• Aim of the task:
The whole listing below should be retyped exactly, without any images.

• Provided data:
■ ■ ■ ■
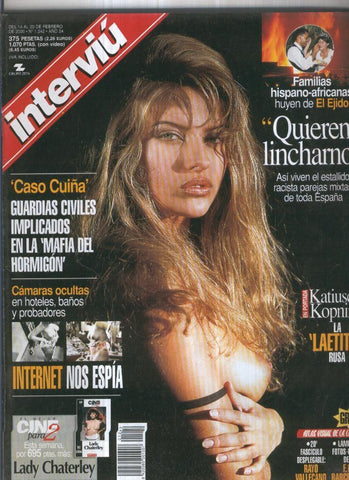 INTERVIU Numero 1242 - KATIUSCIA KOPNINA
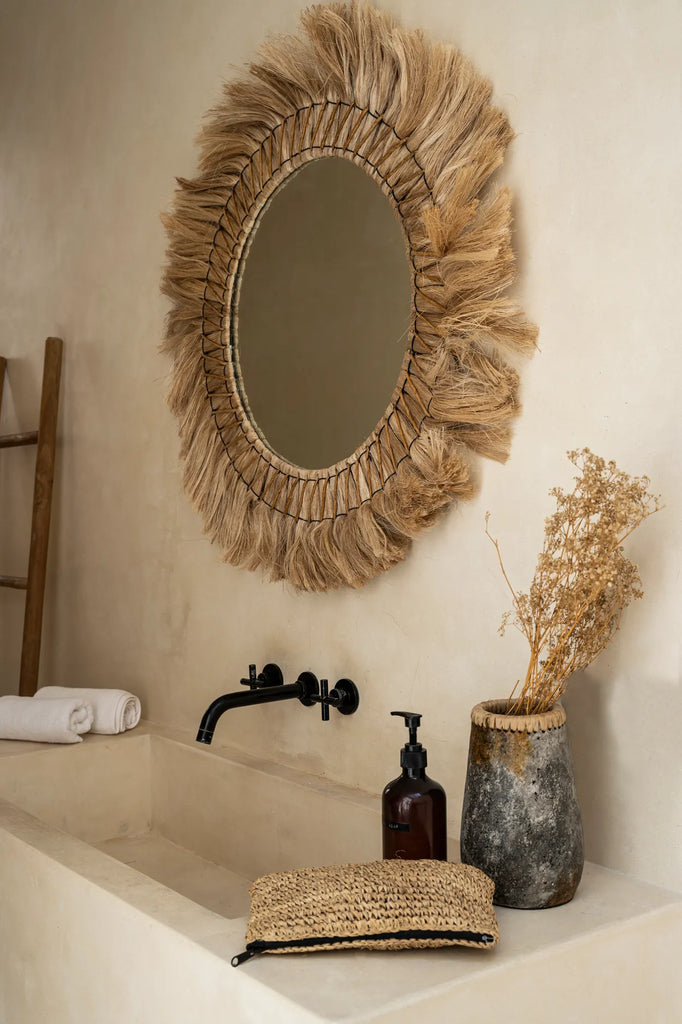 The Beautiful Blonde Mirror - Natural - L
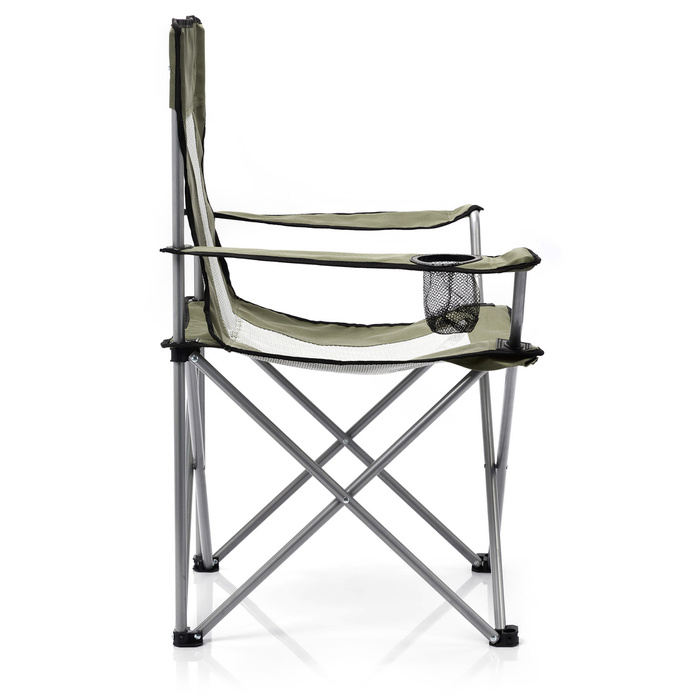 Krzesło składane Meteor Tripper oliwkowy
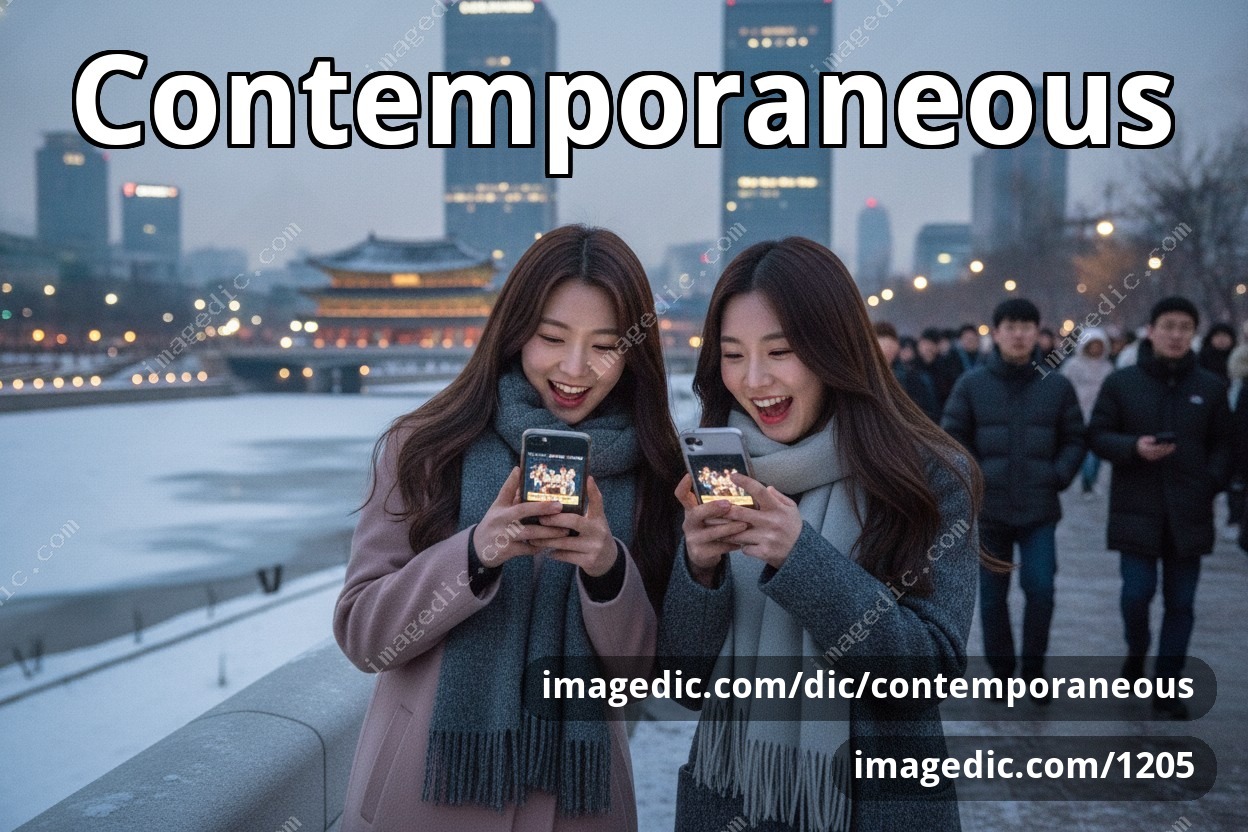 contemporaneous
■ ■ ■ ■
• Answer:
 INTERVIU Numero 1242 - KATIUSCIA KOPNINA
 The Beautiful Blonde Mirror - Natural - L
 Krzesło składane Meteor Tripper oliwkowy
 contemporaneous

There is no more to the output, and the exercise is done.